APOL1 Genetic Variants in Focal Segmental Glomerulosclerosis and HIV-Associated Nephropathy

Abstract: Trypanolytic variants in APOL1, which encodes apolipoprotein L1, associate with kidney disease in African Americans, but whether APOL1-associated glomerular disease has a distinct clinical phenotype is unknown. Here we determined APOL1 genotypes for 271 African American cases, 168 European American cases, and 939 control subjects. In a recessive model, APOL1 variants conferred seventeenfold higher odds (95% CI 11 to 26) for focal segmental glomerulosclerosis (FSGS) and twenty-ninefold higher odds (95% CI 13 to 68) for HIV-associated nephropathy (HIVAN). FSGS associated with two APOL1 risk alleles associated with earlier age of onset (P 0.01) and faster progression to ESRD (P 0.01) but similar sensitivity to steroids compared with other subjects.

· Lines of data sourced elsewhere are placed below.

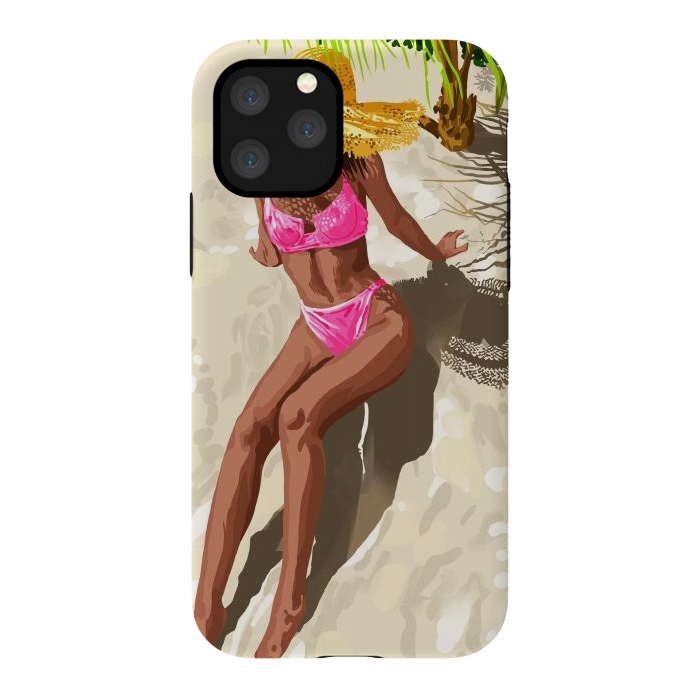 iPhone 11 Pro StrongFit Sky above, sand below, peace within poster, Woman of color fashion black woman on the bikini beach by Uma Prabhakar Gokhale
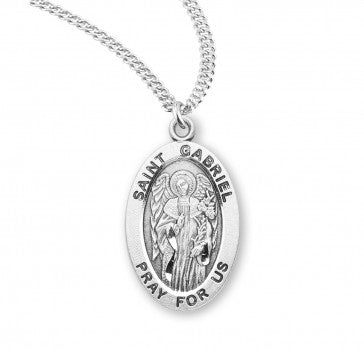 Patron Saint Gabriel Oval Sterling Silver Medal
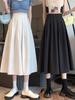 Women's Black High-Waist Pleated Slimming Midi A-line Skirt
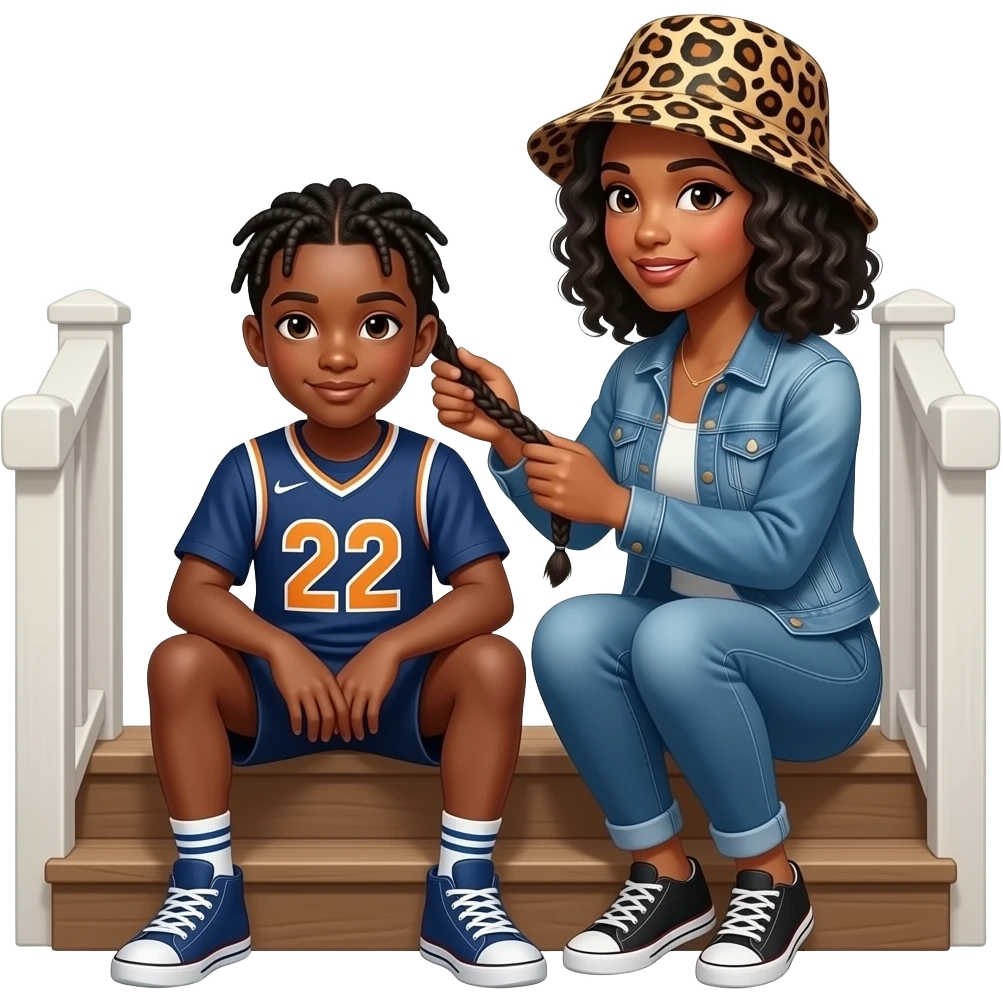 African American teenage boy with braids  sitting on house porch steps wearing a jersey shirt with the number 22 on it, getting his hair he has braided by a African American woman with shoulder length curly black hair wearing a leopard print bucket hat wearing denim jeans and a denim jacket emoji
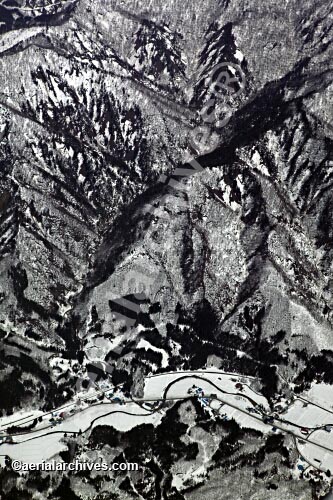 © aerialarchives.com, Ou Mountain Range in winter in Japan,  stock aerial photograph, aerial 
photography, AHLB2457.jpg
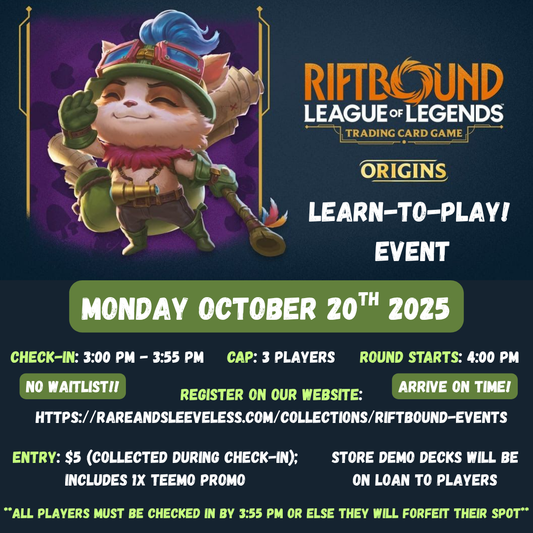 Learn-To-Play Event w/ Instructor Monday 10/20/25 4:00 PM - 5:00 PM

Individuals with two APOL1 risk alleles have an estimated 4% lifetime risk for developing FSGS, and untreated HIVinfected individuals have a 50% risk for developing HIVAN. The effect of carrying two APOL1 risk alleles explains 18% of FSGS and 35% of HIVAN; alternatively, eliminating this effect would reduce FSGS and HIVAN by 67%. A survey of world populations indicated that the APOL1 kidney risk alleles are present only on African chromosomes. In summary, African Americans carrying two APOL1 risk alleles have a greatly increased risk for glomerular disease, and APOL1-associated FSGS occurs earlier and progresses to ESRD more rapidly. These data add to the evidence base required to determine whether genetic testing for APOL1 has a use in clinical practice.